Originally posted by twhitehead
I think you missed my point. My point is that if God can see the future and inspired the gospel writers then one would expect him to inspire them to write something that would be useful to the maximum number of recipients of the message even after translation. So even if the King James translation is a terrible translation, the translated text might actua ...[text shortened]... e whilst simultaneously claiming it is inspired. I find the two claims somewhat contradictory.
Perhaps I misunderstood you.
This is a funny game we're doing. We often discuss with christians as if the christian god really existed. Like discussing as a scientist with people actually believeing tat you could travel in the speed of light or could divide with zero, and argue that *if* we could divide by zero then this and this could be calculated, or *when* we travel in the speed of light, then time stops and we see everything in bright yellow. Rubbish. We cannot divide by zero, we cannot travel in the speed of light.

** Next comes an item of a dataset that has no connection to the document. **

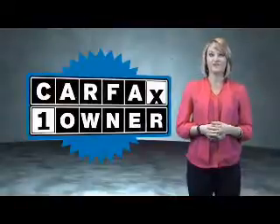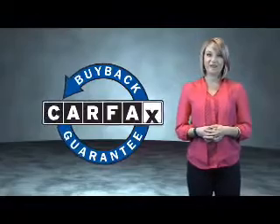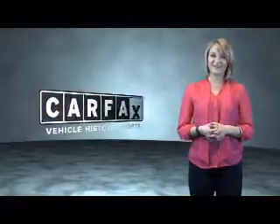This is a Carfax one owner vehicle, which qualifies for the Carfax buyback guarantee. Be sure to find a complimentary copy of the Carfax vehicle history report online or contact the dealership. Just say, show me the Carfax.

Now we're saying that "If the bible is inspired by god (the christian god does not exist), then it would be translated to English (or Swahili or whatever) because the holy spirit (there is no such thing) will hold his hand over it and make it as god intended." We actually say so, playing by the rules of christians. We should say more often: "Rubbish. Your god does not exist!".
Never I hear some fundamental christian say: "As Darwin is a genius, it's a fact that all the primates have the same ancestor." They just wouldn't. No way.
Does this mean that we (who don't believe in the christian god) are more out-of-the-box thinkers, or more tolerant? Yes, I actually think so.